#### Exercise aim
Copy down every line of the data that follows exactly. Omit the pictures.

#### Supplied material
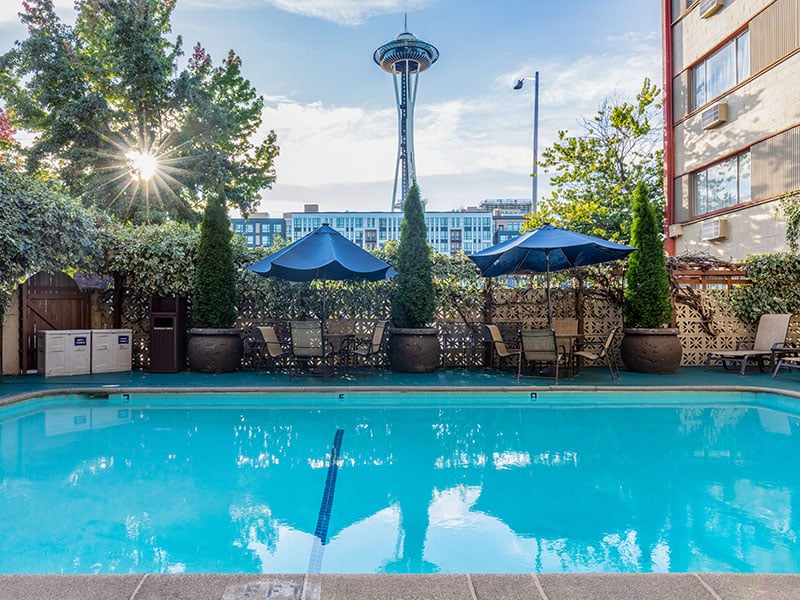 Outdoor Pool and Hot Tub at Travelodge Seattle Center, Washington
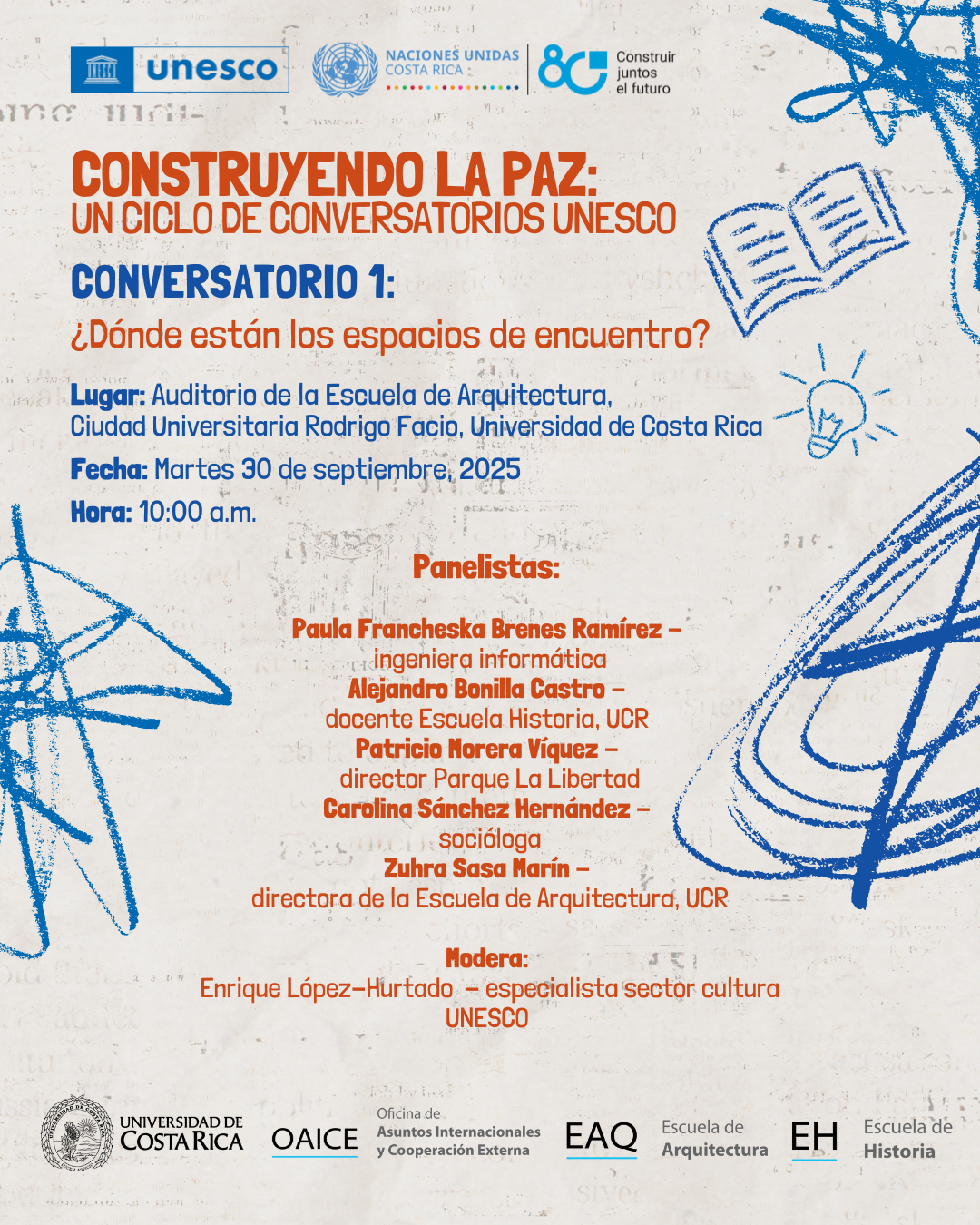 Afiche invita a Conversatorio UNESCO Construyendo la paz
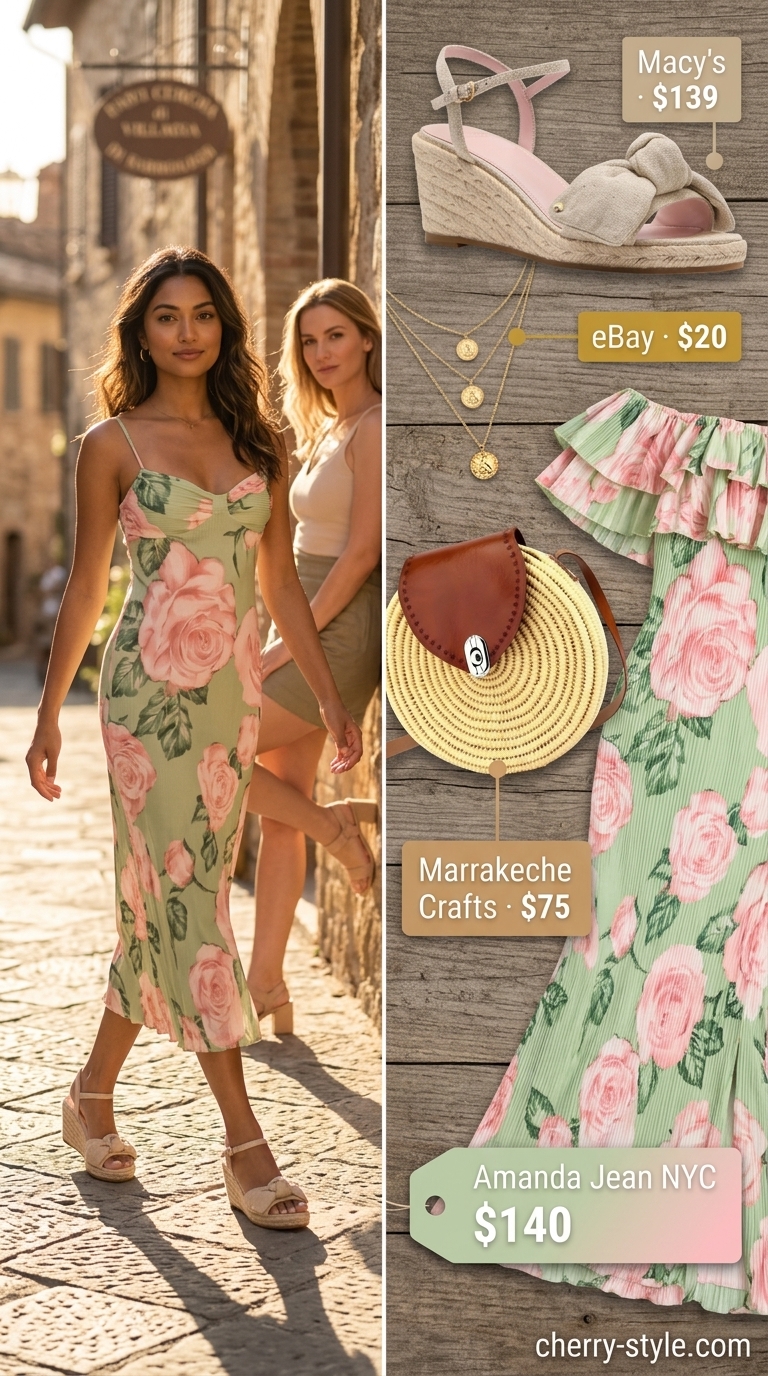 Floral off-shoulder maxi dress with straw hat and espadrilles. Summer off-shoulder dress outfits 2026.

#### Response area
 Outdoor Pool and Hot Tub at Travelodge Seattle Center, Washington
 Afiche invita a Conversatorio UNESCO Construyendo la paz
 Floral off-shoulder maxi dress with straw hat and espadrilles. Summer off-shoulder dress outfits 2026.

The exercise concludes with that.